Because of that experience, she became interested in food being used as nourishment. She originally wanted to become a dietitian to fuse her passion for wellness until she discovered yoga.

With two young children she realized that as a parent, she had to transition to those stages along with her kids. While they slept, Gentile would write for three or four hours. A devoted fan of journaling, she took out her four journals and realized she had written a book.

And then her passion for journalism led her to write her book, which gives 108 tips.

“I merged all my worlds together as an overall self-care advocate. I was living it so I can teach it. I wanted to write a short book so people could get through one page a day. It’s just 111 pages. The idea is to wake up and read one page a day; 108 is in the title because it’s such a connected number in yoga,” she said.

Half of the 108 practices are journaling prompts. Some deal with yoga poses, meditation or breathing exercises.

A blogger on, Gentile makes time for writing every Sunday, or “Self-Care Sunday,” as she calls it. “It’s because of self-care that I prioritize sleep, exercise, and meditation,” Gentile said, adding she gets seven hours of sleep nightly. “Laundry and dishes can wait.”

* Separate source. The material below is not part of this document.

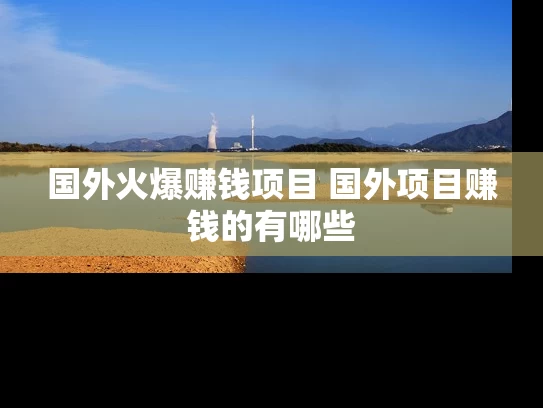 国外火爆赚钱项目 国外项目赚钱的有哪些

“I wanted to share this with other people,” she said. “If they can add one self-care practice, it doesn’t take time and it gives you time.”

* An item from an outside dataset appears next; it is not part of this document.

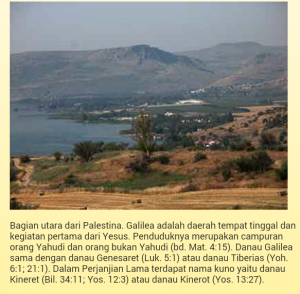 Read more about the article Kenapa Maria Begitu Special?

“The idea is to wake up and read one page a day; 108 is in the title because it’s such a connected number in yoga.”

Gentile hopes to inspire not just busy parents, but the next generation to live well. “We need to stay present in the world of phones and laptops. We’ll never experience time like now with our kids. As a mom working full time, I try to be super mindful of that.”

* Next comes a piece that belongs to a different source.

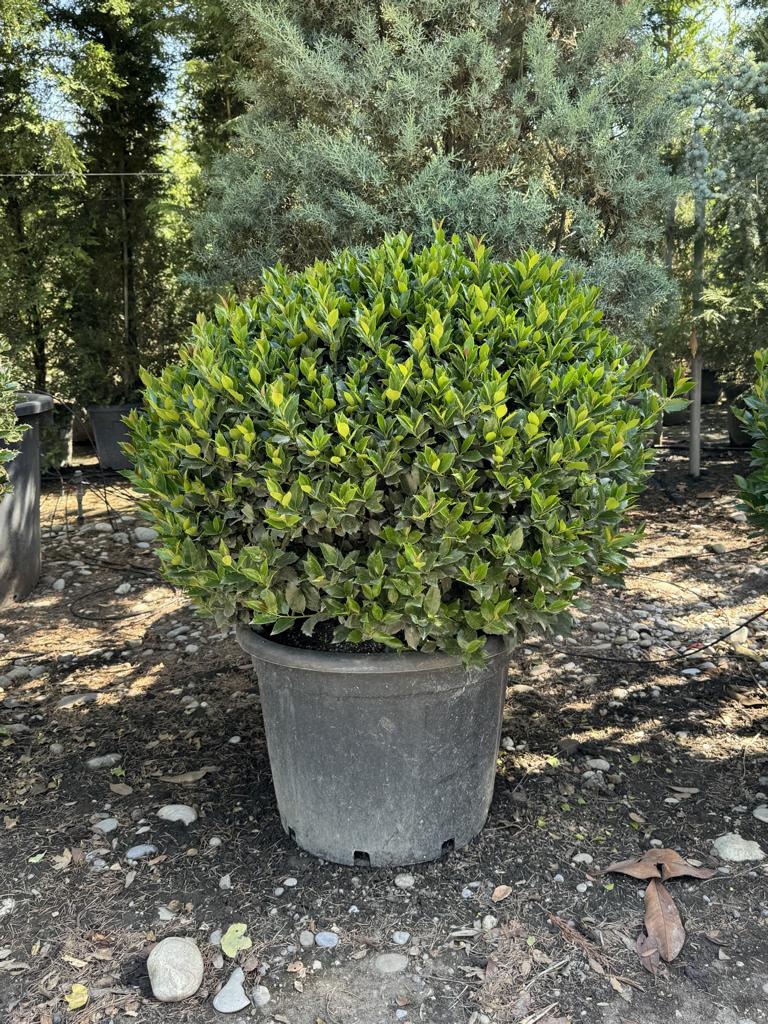 Ilex meserveae (x) 'Blue Maid' kugelförmig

She recalls hurrying her son out the door one day on the way to school and work. He paused to pay attention to an ant hill, fascinated with watching the ants do their work. She realized that she too needed to take time to pay attention to the anthill, adding that kids are the best teachers.

She’s also pleased to see her 4-year-old daughter practices yoga on her own before bedtime.

Yoga has been a spiritual experience for Gentile. She taught yoga up until she was eight months pregnant with both kids. “My meditation practices grew more after I had kids. I explored how I respond to my body’s needs. Through two years of breastfeeding and all the emotions that run through you, yoga helped me ride that wave.”

She recalls a time of change: “All in one year I got a new job, moved out, got married and started yoga. But yoga gave me that foundation.”

She encourages those who are unsure where to begin to start anywhere. “Drink one more glass of water. Go to bed 15 minutes earlier. Journal. Know what nourishes you. Take an indoor walk 20 minutes a day. Take one full breath.”